**Assigned task:** The reply should be an exact transcription of every record.

**Records contained in a dataset:**
/---

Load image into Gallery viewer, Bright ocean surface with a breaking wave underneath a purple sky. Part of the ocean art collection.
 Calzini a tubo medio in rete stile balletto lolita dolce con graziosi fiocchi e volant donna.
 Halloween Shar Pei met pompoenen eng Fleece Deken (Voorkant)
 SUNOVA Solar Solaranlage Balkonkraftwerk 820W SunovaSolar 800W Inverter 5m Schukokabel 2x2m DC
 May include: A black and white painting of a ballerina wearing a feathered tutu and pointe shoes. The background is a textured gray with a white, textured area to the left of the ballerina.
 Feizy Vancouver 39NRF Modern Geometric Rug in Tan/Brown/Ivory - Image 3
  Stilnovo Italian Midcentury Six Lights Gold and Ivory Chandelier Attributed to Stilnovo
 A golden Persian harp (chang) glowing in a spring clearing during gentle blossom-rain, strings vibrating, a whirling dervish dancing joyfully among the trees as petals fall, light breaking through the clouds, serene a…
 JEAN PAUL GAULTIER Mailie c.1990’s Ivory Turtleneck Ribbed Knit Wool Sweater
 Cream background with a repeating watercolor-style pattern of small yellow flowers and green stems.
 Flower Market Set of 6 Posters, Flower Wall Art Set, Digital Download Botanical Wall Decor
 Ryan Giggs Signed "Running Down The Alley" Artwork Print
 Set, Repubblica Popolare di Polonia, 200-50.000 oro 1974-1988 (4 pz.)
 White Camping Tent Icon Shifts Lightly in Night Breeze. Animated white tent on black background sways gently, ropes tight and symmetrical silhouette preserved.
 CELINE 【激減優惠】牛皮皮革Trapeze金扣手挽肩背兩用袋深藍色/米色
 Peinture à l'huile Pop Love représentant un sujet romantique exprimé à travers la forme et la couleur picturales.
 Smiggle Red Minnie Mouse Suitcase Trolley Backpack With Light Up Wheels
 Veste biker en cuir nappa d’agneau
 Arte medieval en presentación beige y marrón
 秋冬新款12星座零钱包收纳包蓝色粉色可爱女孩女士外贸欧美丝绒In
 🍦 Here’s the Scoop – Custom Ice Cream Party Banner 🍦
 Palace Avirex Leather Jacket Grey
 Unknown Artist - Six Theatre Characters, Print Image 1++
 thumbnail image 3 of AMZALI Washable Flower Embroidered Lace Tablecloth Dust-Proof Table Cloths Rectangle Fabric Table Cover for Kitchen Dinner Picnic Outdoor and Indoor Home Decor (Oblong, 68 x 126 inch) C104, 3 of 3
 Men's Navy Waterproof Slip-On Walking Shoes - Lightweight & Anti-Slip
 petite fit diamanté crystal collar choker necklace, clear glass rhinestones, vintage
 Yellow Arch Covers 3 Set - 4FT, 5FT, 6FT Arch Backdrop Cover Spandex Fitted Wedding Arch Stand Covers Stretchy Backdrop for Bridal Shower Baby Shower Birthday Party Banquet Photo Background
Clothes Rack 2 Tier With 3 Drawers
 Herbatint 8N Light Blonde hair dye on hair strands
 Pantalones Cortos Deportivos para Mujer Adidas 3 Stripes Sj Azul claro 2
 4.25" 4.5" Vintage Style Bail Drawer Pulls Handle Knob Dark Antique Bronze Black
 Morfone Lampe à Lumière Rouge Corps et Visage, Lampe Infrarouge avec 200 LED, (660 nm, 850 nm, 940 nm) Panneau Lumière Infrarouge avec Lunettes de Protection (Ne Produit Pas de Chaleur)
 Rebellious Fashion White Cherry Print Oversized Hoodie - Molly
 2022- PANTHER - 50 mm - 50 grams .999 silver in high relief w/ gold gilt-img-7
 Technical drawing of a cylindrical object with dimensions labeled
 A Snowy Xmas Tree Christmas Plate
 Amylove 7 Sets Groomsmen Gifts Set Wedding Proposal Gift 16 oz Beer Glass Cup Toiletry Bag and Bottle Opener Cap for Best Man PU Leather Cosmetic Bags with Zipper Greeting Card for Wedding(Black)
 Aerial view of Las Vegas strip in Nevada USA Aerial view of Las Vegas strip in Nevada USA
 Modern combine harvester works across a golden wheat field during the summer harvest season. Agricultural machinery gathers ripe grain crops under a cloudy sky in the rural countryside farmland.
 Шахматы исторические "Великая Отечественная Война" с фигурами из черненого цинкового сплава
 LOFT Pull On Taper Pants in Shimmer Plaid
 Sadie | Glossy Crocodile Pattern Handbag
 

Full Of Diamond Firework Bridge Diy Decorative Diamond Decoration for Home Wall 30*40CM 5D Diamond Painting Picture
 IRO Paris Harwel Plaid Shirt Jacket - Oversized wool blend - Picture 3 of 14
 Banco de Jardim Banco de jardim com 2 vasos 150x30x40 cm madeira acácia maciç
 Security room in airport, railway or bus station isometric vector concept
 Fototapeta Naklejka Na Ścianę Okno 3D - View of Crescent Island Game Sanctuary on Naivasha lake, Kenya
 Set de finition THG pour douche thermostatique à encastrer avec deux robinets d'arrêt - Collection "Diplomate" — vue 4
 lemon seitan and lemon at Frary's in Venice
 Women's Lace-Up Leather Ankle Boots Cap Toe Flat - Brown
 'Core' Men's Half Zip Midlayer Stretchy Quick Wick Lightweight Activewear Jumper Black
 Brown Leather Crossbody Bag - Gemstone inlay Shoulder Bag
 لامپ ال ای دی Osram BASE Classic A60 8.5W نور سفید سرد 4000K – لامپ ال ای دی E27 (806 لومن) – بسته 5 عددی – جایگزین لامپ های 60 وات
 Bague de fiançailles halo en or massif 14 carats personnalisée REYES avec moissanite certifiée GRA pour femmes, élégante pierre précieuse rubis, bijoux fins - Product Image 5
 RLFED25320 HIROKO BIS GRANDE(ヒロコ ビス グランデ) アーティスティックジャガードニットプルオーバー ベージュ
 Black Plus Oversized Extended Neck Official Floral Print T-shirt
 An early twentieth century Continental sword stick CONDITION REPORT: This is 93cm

\---

**Response box:**
Load image into Gallery viewer, Bright ocean surface with a breaking wave underneath a purple sky. Part of the ocean art collection.
 Calzini a tubo medio in rete stile balletto lolita dolce con graziosi fiocchi e volant donna.
 Halloween Shar Pei met pompoenen eng Fleece Deken (Voorkant)
 SUNOVA Solar Solaranlage Balkonkraftwerk 820W SunovaSolar 800W Inverter 5m Schukokabel 2x2m DC
 May include: A black and white painting of a ballerina wearing a feathered tutu and pointe shoes. The background is a textured gray with a white, textured area to the left of the ballerina.
 Feizy Vancouver 39NRF Modern Geometric Rug in Tan/Brown/Ivory - Image 3
  Stilnovo Italian Midcentury Six Lights Gold and Ivory Chandelier Attributed to Stilnovo
 A golden Persian harp (chang) glowing in a spring clearing during gentle blossom-rain, strings vibrating, a whirling dervish dancing joyfully among the trees as petals fall, light breaking through the clouds, serene a…
 JEAN PAUL GAULTIER Mailie c.1990’s Ivory Turtleneck Ribbed Knit Wool Sweater
 Cream background with a repeating watercolor-style pattern of small yellow flowers and green stems.
 Flower Market Set of 6 Posters, Flower Wall Art Set, Digital Download Botanical Wall Decor
 Ryan Giggs Signed "Running Down The Alley" Artwork Print
 Set, Repubblica Popolare di Polonia, 200-50.000 oro 1974-1988 (4 pz.)
 White Camping Tent Icon Shifts Lightly in Night Breeze. Animated white tent on black background sways gently, ropes tight and symmetrical silhouette preserved.
 CELINE 【激減優惠】牛皮皮革Trapeze金扣手挽肩背兩用袋深藍色/米色
 Peinture à l'huile Pop Love représentant un sujet romantique exprimé à travers la forme et la couleur picturales.
 Smiggle Red Minnie Mouse Suitcase Trolley Backpack With Light Up Wheels
 Veste biker en cuir nappa d’agneau
 Arte medieval en presentación beige y marrón
 秋冬新款12星座零钱包收纳包蓝色粉色可爱女孩女士外贸欧美丝绒In
 🍦 Here’s the Scoop – Custom Ice Cream Party Banner 🍦
 Palace Avirex Leather Jacket Grey
 Unknown Artist - Six Theatre Characters, Print Image 1++
 thumbnail image 3 of AMZALI Washable Flower Embroidered Lace Tablecloth Dust-Proof Table Cloths Rectangle Fabric Table Cover for Kitchen Dinner Picnic Outdoor and Indoor Home Decor (Oblong, 68 x 126 inch) C104, 3 of 3
 Men's Navy Waterproof Slip-On Walking Shoes - Lightweight & Anti-Slip
 petite fit diamanté crystal collar choker necklace, clear glass rhinestones, vintage
 Yellow Arch Covers 3 Set - 4FT, 5FT, 6FT Arch Backdrop Cover Spandex Fitted Wedding Arch Stand Covers Stretchy Backdrop for Bridal Shower Baby Shower Birthday Party Banquet Photo Background
Clothes Rack 2 Tier With 3 Drawers
 Herbatint 8N Light Blonde hair dye on hair strands
 Pantalones Cortos Deportivos para Mujer Adidas 3 Stripes Sj Azul claro 2
 4.25" 4.5" Vintage Style Bail Drawer Pulls Handle Knob Dark Antique Bronze Black
 Morfone Lampe à Lumière Rouge Corps et Visage, Lampe Infrarouge avec 200 LED, (660 nm, 850 nm, 940 nm) Panneau Lumière Infrarouge avec Lunettes de Protection (Ne Produit Pas de Chaleur)
 Rebellious Fashion White Cherry Print Oversized Hoodie - Molly
 2022- PANTHER - 50 mm - 50 grams .999 silver in high relief w/ gold gilt-img-7
 Technical drawing of a cylindrical object with dimensions labeled
 A Snowy Xmas Tree Christmas Plate
 Amylove 7 Sets Groomsmen Gifts Set Wedding Proposal Gift 16 oz Beer Glass Cup Toiletry Bag and Bottle Opener Cap for Best Man PU Leather Cosmetic Bags with Zipper Greeting Card for Wedding(Black)
 Aerial view of Las Vegas strip in Nevada USA Aerial view of Las Vegas strip in Nevada USA
 Modern combine harvester works across a golden wheat field during the summer harvest season. Agricultural machinery gathers ripe grain crops under a cloudy sky in the rural countryside farmland.
 Шахматы исторические "Великая Отечественная Война" с фигурами из черненого цинкового сплава
 LOFT Pull On Taper Pants in Shimmer Plaid
 Sadie | Glossy Crocodile Pattern Handbag
 

Full Of Diamond Firework Bridge Diy Decorative Diamond Decoration for Home Wall 30*40CM 5D Diamond Painting Picture
 IRO Paris Harwel Plaid Shirt Jacket - Oversized wool blend - Picture 3 of 14
 Banco de Jardim Banco de jardim com 2 vasos 150x30x40 cm madeira acácia maciç
 Security room in airport, railway or bus station isometric vector concept
 Fototapeta Naklejka Na Ścianę Okno 3D - View of Crescent Island Game Sanctuary on Naivasha lake, Kenya
 Set de finition THG pour douche thermostatique à encastrer avec deux robinets d'arrêt - Collection "Diplomate" — vue 4
 lemon seitan and lemon at Frary's in Venice
 Women's Lace-Up Leather Ankle Boots Cap Toe Flat - Brown
 'Core' Men's Half Zip Midlayer Stretchy Quick Wick Lightweight Activewear Jumper Black
 Brown Leather Crossbody Bag - Gemstone inlay Shoulder Bag
 لامپ ال ای دی Osram BASE Classic A60 8.5W نور سفید سرد 4000K – لامپ ال ای دی E27 (806 لومن) – بسته 5 عددی – جایگزین لامپ های 60 وات
 Bague de fiançailles halo en or massif 14 carats personnalisée REYES avec moissanite certifiée GRA pour femmes, élégante pierre précieuse rubis, bijoux fins - Product Image 5
 RLFED25320 HIROKO BIS GRANDE(ヒロコ ビス グランデ) アーティスティックジャガードニットプルオーバー ベージュ
 Black Plus Oversized Extended Neck Official Floral Print T-shirt
 An early twentieth century Continental sword stick CONDITION REPORT: This is 93cm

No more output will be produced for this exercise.